Key Blacklisted Sectors and Companies

Among the newly blacklisted entities, 23 companies are from the agricultural sector, producing goods such as tomato paste, walnuts, and raisins. These products are typically sold wholesale, often entering international supply chains.

The list also includes major players in the metals industry. The Xinjiang Nonferrous Metals Industry Group Co. and its subsidiaries, involved in mining and processing gold, chromium, and iron, were blacklisted alongside Xinjiang Zhonghe Co., which produces aluminum alloy and electronic materials. Both companies are linked to the supply chains of Chinese battery giants Gotion and CATL, which U.S. lawmakers have previously scrutinized for using forced labor.

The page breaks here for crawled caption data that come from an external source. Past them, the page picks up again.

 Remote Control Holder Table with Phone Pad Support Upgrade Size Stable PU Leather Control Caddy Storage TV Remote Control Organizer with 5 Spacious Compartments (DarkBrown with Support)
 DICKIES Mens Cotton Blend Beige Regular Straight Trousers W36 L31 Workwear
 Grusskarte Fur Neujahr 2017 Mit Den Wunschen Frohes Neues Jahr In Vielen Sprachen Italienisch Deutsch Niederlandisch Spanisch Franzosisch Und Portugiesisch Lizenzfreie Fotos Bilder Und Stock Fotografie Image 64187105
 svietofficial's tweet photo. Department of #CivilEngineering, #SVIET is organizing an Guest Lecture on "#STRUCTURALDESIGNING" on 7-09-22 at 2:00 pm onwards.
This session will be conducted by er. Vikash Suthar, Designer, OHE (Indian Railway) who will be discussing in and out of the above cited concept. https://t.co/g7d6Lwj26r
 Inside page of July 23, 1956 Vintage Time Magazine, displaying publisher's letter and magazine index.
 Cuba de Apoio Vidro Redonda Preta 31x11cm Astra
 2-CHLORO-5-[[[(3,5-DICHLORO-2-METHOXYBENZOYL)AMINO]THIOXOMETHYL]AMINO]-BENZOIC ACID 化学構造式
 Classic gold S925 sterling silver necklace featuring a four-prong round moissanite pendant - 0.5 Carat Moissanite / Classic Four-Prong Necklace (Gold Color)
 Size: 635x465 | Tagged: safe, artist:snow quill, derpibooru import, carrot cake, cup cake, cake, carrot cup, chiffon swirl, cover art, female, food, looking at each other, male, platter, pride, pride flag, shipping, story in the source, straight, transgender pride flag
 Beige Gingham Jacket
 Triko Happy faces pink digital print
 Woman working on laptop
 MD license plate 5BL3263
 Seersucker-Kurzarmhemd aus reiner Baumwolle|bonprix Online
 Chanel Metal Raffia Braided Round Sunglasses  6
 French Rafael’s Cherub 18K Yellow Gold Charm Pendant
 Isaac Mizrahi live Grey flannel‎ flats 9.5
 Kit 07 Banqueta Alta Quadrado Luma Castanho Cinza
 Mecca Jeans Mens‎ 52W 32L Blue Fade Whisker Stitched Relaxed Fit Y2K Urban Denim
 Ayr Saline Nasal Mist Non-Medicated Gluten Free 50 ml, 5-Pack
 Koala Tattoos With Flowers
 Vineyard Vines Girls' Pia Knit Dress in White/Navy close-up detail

Bipartisan Call for Action

House Select Committee on the CCP Chair John Moolenaar (R-Mich.), Homeland Security Committee Chair Mark Green (R-Tenn.), and Rep. Carlos Gimenez (R-Fla.) supported the DHS’s latest action but called for more measures. They urged a complete removal of Chinese entities tied to forced labor from the U.S. battery supply chain.

Legislation and Loopholes

Despite progress, lawmakers have expressed concerns over de minimis provisions, which allow goods valued under $800 to bypass customs inspections. Many fast-fashion items and consumer goods sourced from Xinjiang’s cotton industry, which produces 90% of China’s cotton, exploit this loophole.

Bills aimed at closing the de minimis loophole have been introduced but face challenges in implementation. Additionally, bipartisan legislation has been proposed to revoke China’s trade status, which would strip its ability to benefit from such exemptions.

Global Response to Forced Labor

The DHS action follows the European Union’s adoption of a resolution on November 21 to ban products linked to forced labor. Earlier this year, the EU implemented due diligence laws requiring companies to ensure compliance with labor and environmental standards across their supply chains.

With growing international scrutiny, the CCP’s forced labor practices remain a focal point in U.S.-China relations and global human rights advocacy. As the DHS continues to expand its blacklist, companies and nations alike face mounting pressure to uphold ethical labor practices.